Author: Nicolás Iguchi
Reviewing last years’ releases of the big companies’ Analytics appliances and database servers, I found that all of them have two new features in common: in-memory and columnar storage. SAP HANA (the appliance created by SAP in 2009 to combine both transactional and analytic systems in a single store) is based on these two technologies. Oracle has done the same for Oracle 12c, the latest version of its database, by adding a dual-format approach of columnar and row oriented in-memory storage. Also Microsoft has introduced these technologies in their SQL Server 2014 version, by implementing columnstore indexes and a new in-memory OLTP Engine
In-Memory storage doesn’t need much explanation from an IT perspective: as hardware’s costs are decreasing, it is possible to start thinking about having the main storage allocated in a RAM memory instead of the conventional slow hard disks (even though it’s not affordable for everyone yet).
But what is the other new technology that all database products are implementing?
It consists of a logical change in the way data is traditionally stored: data is not grouped by row, but by column. It means that there will be an array of data for each column that compose the table, and for each inserted row, there will be a separate entry in every array.
Fig 1: Typical columnar storage
Due to this change, those operations that only need to read a few columns are considerably benefited, as the database engine only needs to retrieve those column vectors that are affected by the query and not all the columns, as it happens with the traditional row store.
As an addition, this kind of storage allows for two very important features:
Auto Indexing: As data is organized by column vectors, each column is an index in itself. For that reason, every query will be executed as the needed fields were indexed, without the need of any external structure
This feature significantly simplifies the database design, as it is not needed to know in advance which are the most frequent select operations: even unpredictable queries will be executed with an improved performance.

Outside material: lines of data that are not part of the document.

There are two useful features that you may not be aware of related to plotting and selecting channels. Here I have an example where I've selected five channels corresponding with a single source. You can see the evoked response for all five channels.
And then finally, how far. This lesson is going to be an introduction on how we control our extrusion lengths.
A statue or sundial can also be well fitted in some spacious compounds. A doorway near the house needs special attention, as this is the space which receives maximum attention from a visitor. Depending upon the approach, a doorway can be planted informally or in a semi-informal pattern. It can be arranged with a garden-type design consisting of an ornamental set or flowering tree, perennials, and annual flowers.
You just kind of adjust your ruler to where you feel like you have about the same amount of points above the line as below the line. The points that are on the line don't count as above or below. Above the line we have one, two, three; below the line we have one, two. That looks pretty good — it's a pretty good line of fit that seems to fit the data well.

Compression: Most of the columns in a table usually have a low cardinality, with many common values. Taking a Client table as reference, we will find that lots of people share the same birth date, the city they are located or even their names. Despite having repeated values, by storing the data by row it’s necessary to save each value as many times as needed
But in a columnar storage, we can avoid this repetition by creating a dictionary with all different values that exist in the column, and then reference them using an identifier that requires less space (generally, a number). This operation is known as tokenisation or dictionary encoding.

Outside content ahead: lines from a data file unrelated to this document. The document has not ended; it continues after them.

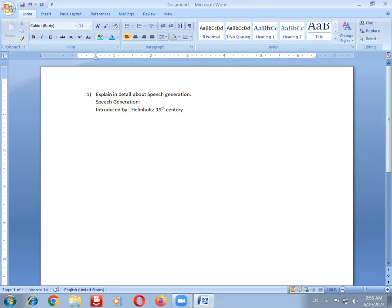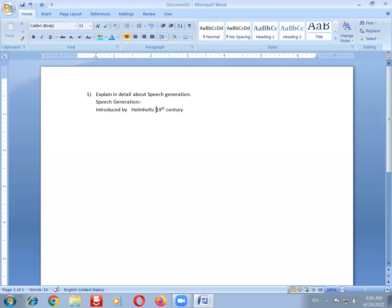So in the methods of speech generation, what are those methods we need to discuss right now? Let us look at the methods of speech generation.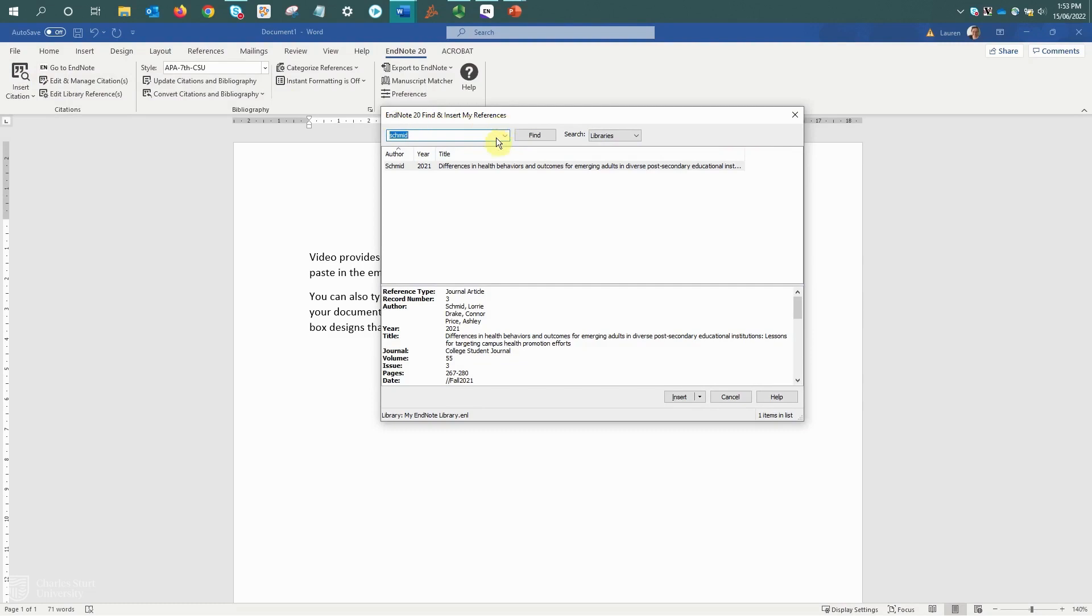If you've added citations previously, it will remember your last search. But in here we just need to search for our references using either an author name or perhaps keywords from the title so that we can select and insert the references.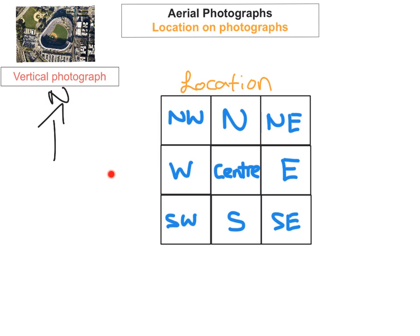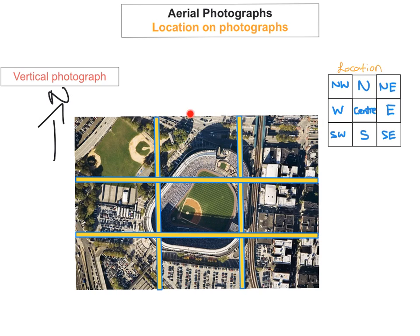If something is right in the center we say it's located in the center. The surrounding areas correspond to compass directions: north, south, east, west, northwest, northeast, southeast, and southwest. To apply this to a photograph, divide it into nine equal sections — three columns and three rows — giving you nine different boxes, each corresponding to a compass direction.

Fig 2: Dictionary Encoding for “fName” and “fSex” column
For example, think about the field: “Sex” in a 10 million row Client table, with two values: “M” (for Masculine) and “F” (for Feminine):
In a row oriented storage, it’s necessary to store 1 byte for each row, which is around 10 MB.
In a column-oriented layout, only a bit per row is needed, as there are only two possible values. This leads to 1 K of disk space, plus 2 bytes to store the values: “M” and “F”, almost ten thousand times difference!

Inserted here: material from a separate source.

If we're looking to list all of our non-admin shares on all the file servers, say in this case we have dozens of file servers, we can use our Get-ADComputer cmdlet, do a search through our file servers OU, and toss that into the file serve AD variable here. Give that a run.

Not everything is so perfect though: this logical structure makes write operations slower, as it needs to modify every array of data that composes the table, while using the row oriented storage, writing operations only consists in finding the affected row and append the new value.
That’s the main reason why column storage is not a good option for transactional systems. But it perfectly suitable for Data Warehouses and Analytics Systems, where we have frequent read operations that involve a few columns but lots of rows and reduced off-line write operations.
Now that you know a bit more about columnar storage, I guess you should be asking yourself: if Column Oriented databases are the ideal logical storage for Data Warehouses, why did it take so long to see big companies implementing it in their products? Or moreover, why don’t we see much more Data Warehouses implemented in a column oriented database?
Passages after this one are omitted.